Tough talk - and, perhaps an indication from the secretary that she finally is getting serious about President Clinton's pledge to overhaul welfare.

During the campaign, Clinton declared he wanted to "end welfare as we know it." He proposed that low-income Americans should be offered education, training and public assistance for two years, after which the able-bodied must be willing to work or be cut off from welfare.

Shalala until recently has seemed reluctant to sign on to these ideas. She served for many years (beside Hillary Clinton) on the board of the Children's Defense Fund. In 1988, this group opposed a law that required states to put more welfare recipients into education and training.

Perhaps now Shalala is coming around to the view that work requirements are better and fairer not only for taxpayers, but for recipients of Aid to Families with Dependent Children, who too often are locked into debilitating and intergenerational dependency.

Clinton likes to bring up welfare reform when he wants to show independence from the Democratic Party's liberal lobby. But, in fact, substantive reform wouldn't save taxpayers money during a transitional period, because for a while health care and child care would have to be subsidized as supports for low-income mothers to go to work and achieve self-sufficiency.

Major reform would save huge amounts in the long run - think about the effects on crime and drug costs alone from emphasizing education and job placement. Plus, it would replace the current system, which gives work to no one but bureaucrats.

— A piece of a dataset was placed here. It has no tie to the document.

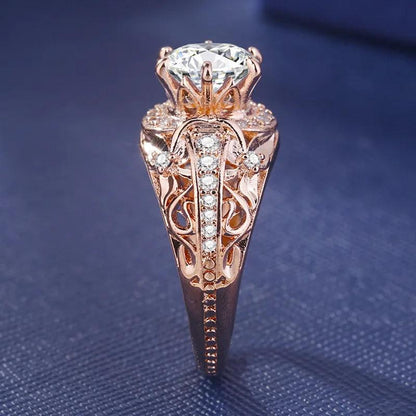 14K Rose Gold - Miami beauty1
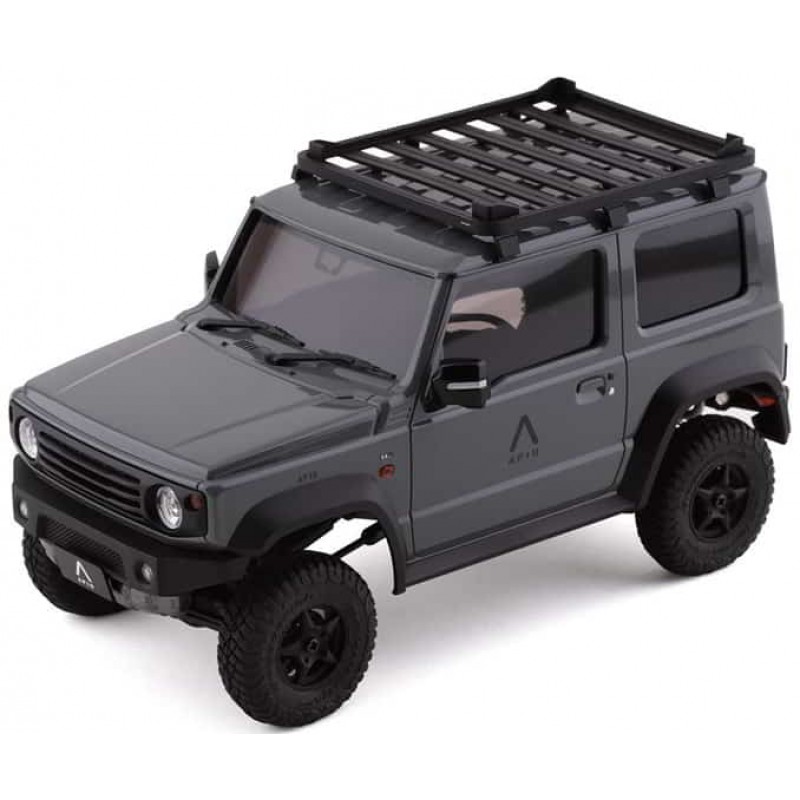 Kyosho MX-01 Mini-Z 4X4 Readyset w/APIO Jimny Sierra Body (Grey) & 2.4GHz Radio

As Clinton has said, eligibility for Aid to Families with Dependent Children ought to be limited to two years for those able to work. The Earned Income Tax Credit must be expanded, as an incentive to work and as a means of making jobs the path out of poverty. And efforts by community-based private and nonprofit organizations to help people find work should be supported as an alternative to government's inefficient and poorly managed programs.

In the end, people must lift themselves from poverty; the government can't do it for them. But the government can do a better job helping them, and getting out of the way, than it does now.

Reform is the way not just to increase the president's popularity with resentful taxpayers, but also to begin shrinking the shameful poverty that splits our nation into separate and unequal societies.

Was Shalala's promising talk last week an indicator of change on the way? Everyone, the poor especially, should hope so.